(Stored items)
* * *

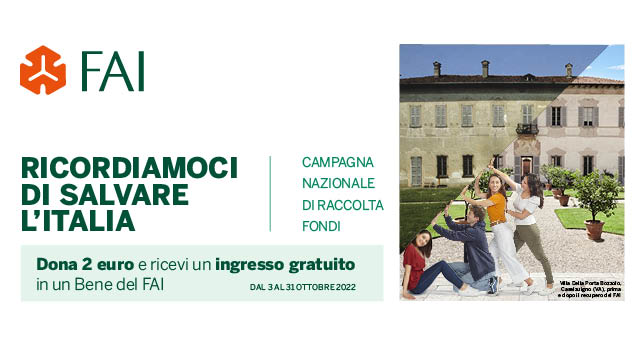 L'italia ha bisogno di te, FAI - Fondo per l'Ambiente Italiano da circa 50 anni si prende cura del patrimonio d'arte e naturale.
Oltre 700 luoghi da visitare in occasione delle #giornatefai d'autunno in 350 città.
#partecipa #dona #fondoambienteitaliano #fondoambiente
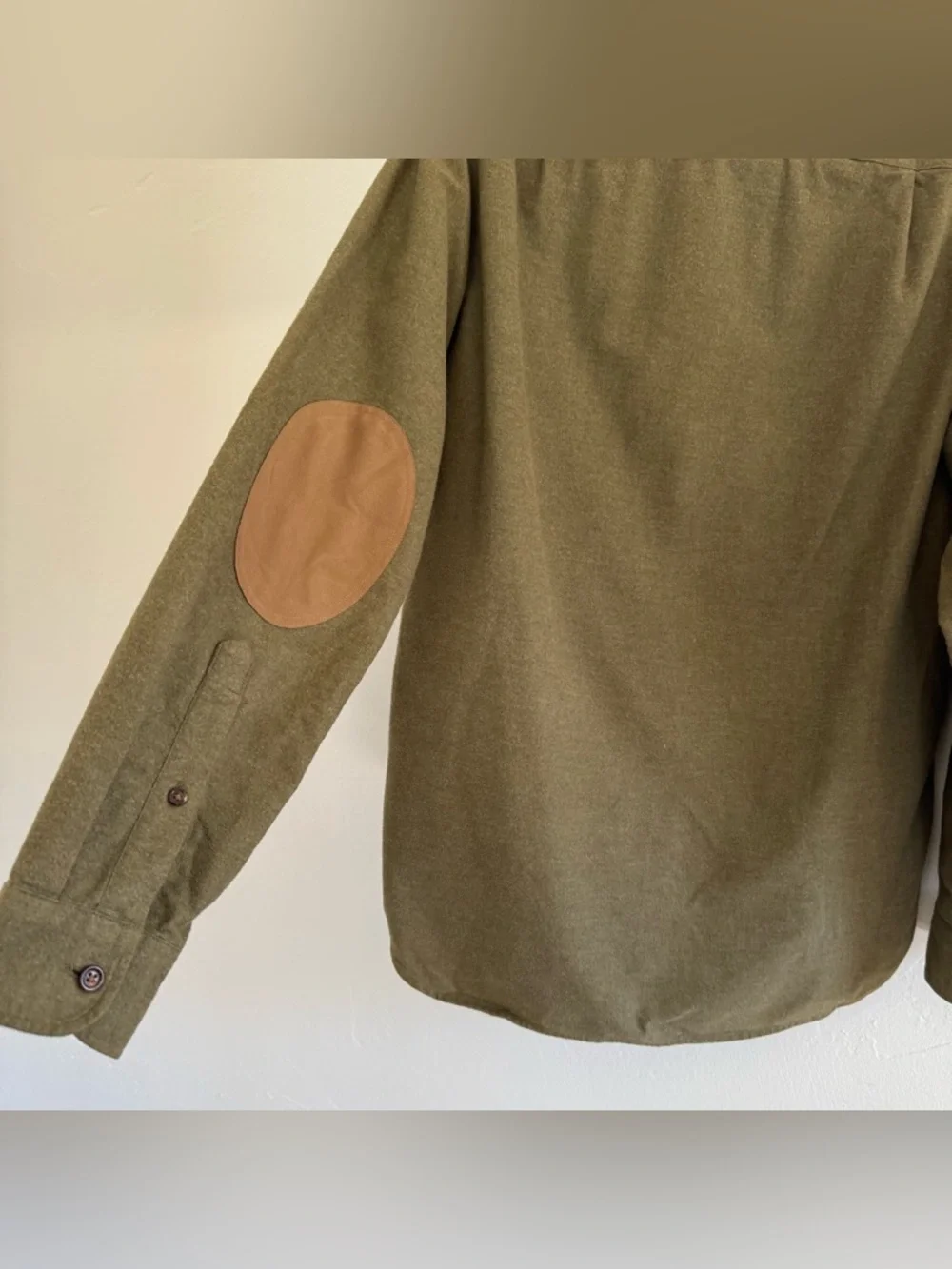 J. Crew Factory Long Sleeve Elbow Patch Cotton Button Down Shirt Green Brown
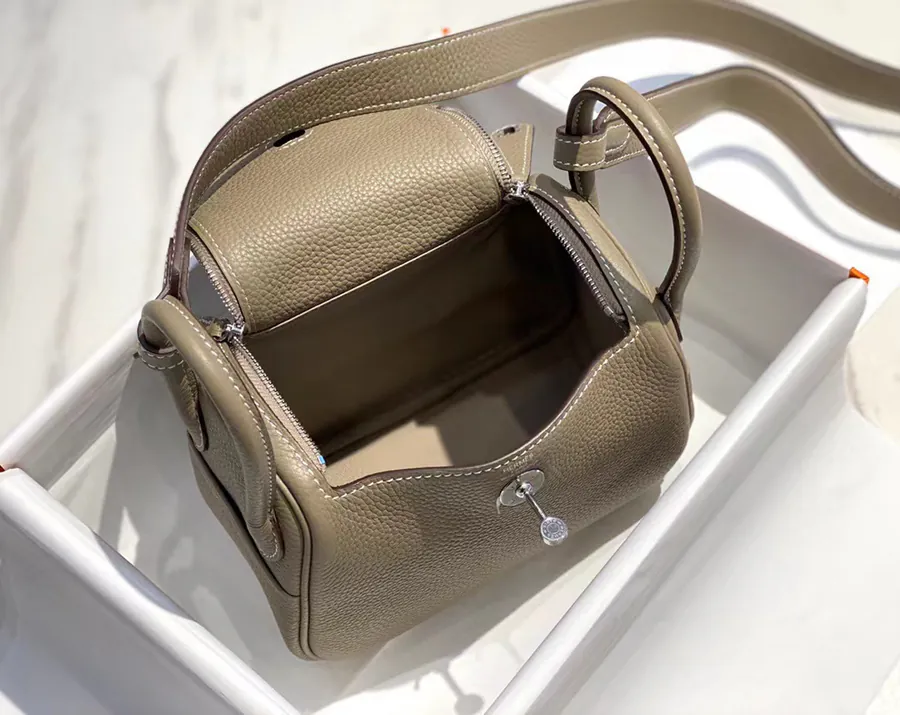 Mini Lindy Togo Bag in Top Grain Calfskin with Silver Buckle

* * *

__Task brief__. Each record above is to be copied exactly. Drop the pictures.

__Reply__.
 L'italia ha bisogno di te, FAI - Fondo per l'Ambiente Italiano da circa 50 anni si prende cura del patrimonio d'arte e naturale.
Oltre 700 luoghi da visitare in occasione delle #giornatefai d'autunno in 350 città.
#partecipa #dona #fondoambienteitaliano #fondoambiente
 J. Crew Factory Long Sleeve Elbow Patch Cotton Button Down Shirt Green Brown
 Mini Lindy Togo Bag in Top Grain Calfskin with Silver Buckle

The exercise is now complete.